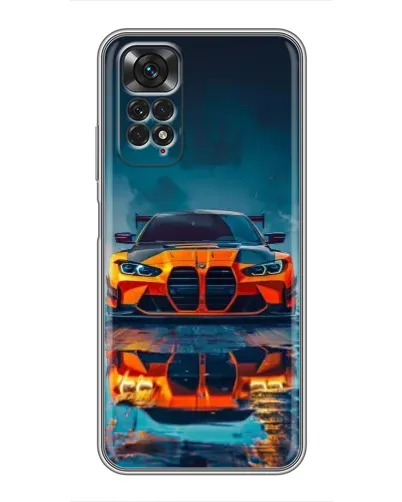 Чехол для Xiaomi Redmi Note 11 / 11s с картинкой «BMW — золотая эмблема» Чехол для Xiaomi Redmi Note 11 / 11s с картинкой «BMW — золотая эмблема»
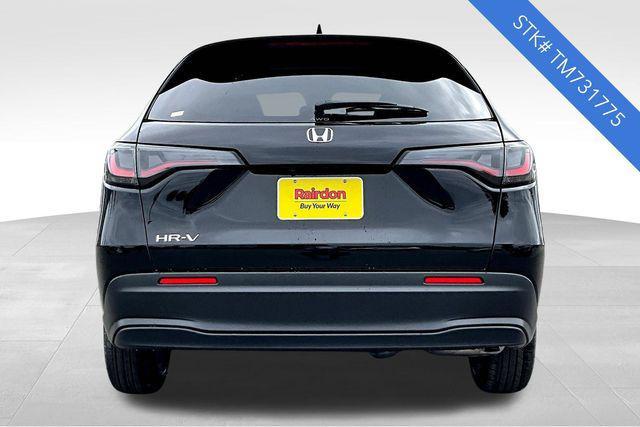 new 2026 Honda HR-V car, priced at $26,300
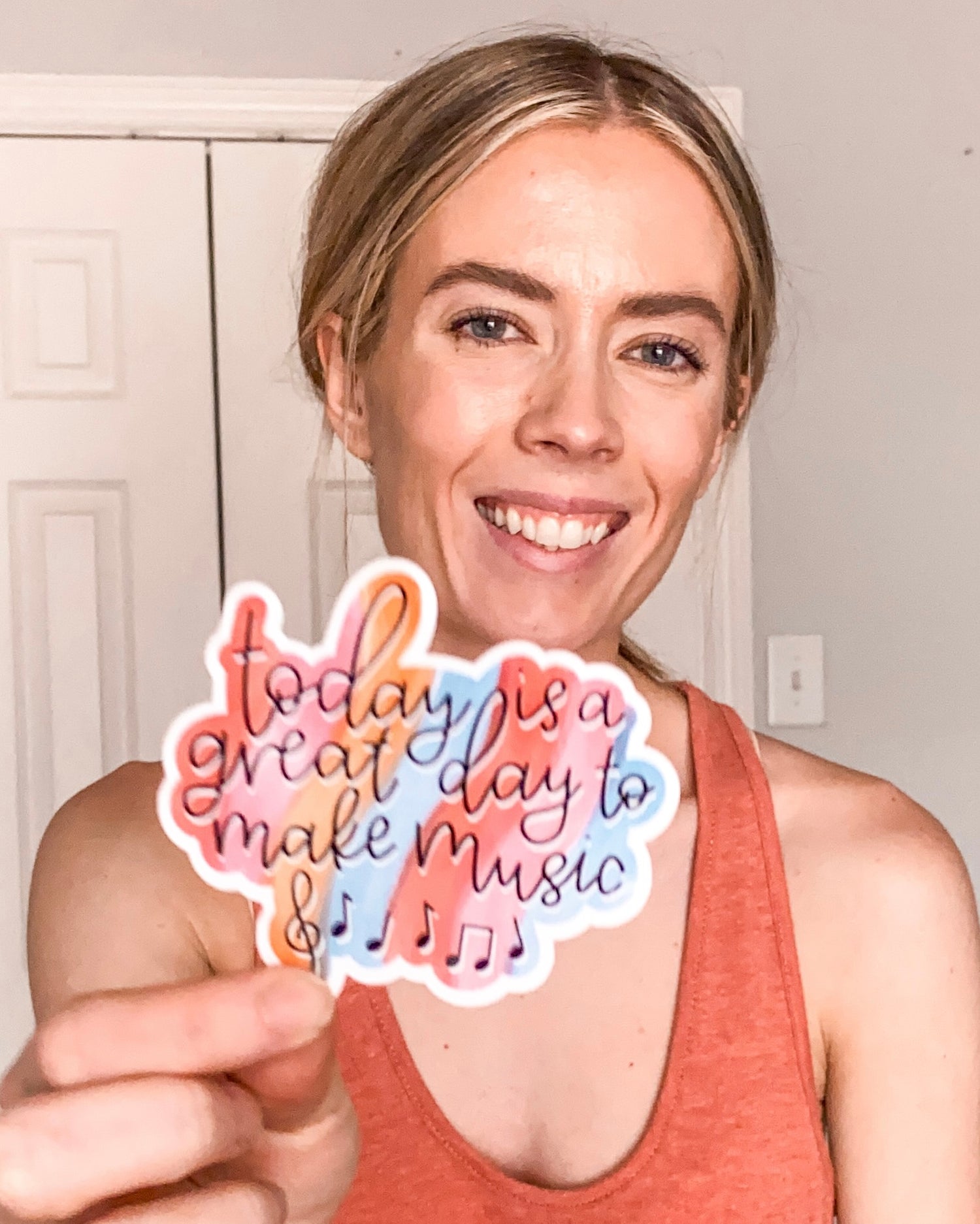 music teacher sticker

# # # # # # #

▶ **WORK REQUIRED**
Please copy the data shown above precisely, leaving the images out.

▶ **SOLUTION BELOW**
 Чехол для Xiaomi Redmi Note 11 / 11s с картинкой «BMW — золотая эмблема» Чехол для Xiaomi Redmi Note 11 / 11s с картинкой «BMW — золотая эмблема»
 new 2026 Honda HR-V car, priced at $26,300
 music teacher sticker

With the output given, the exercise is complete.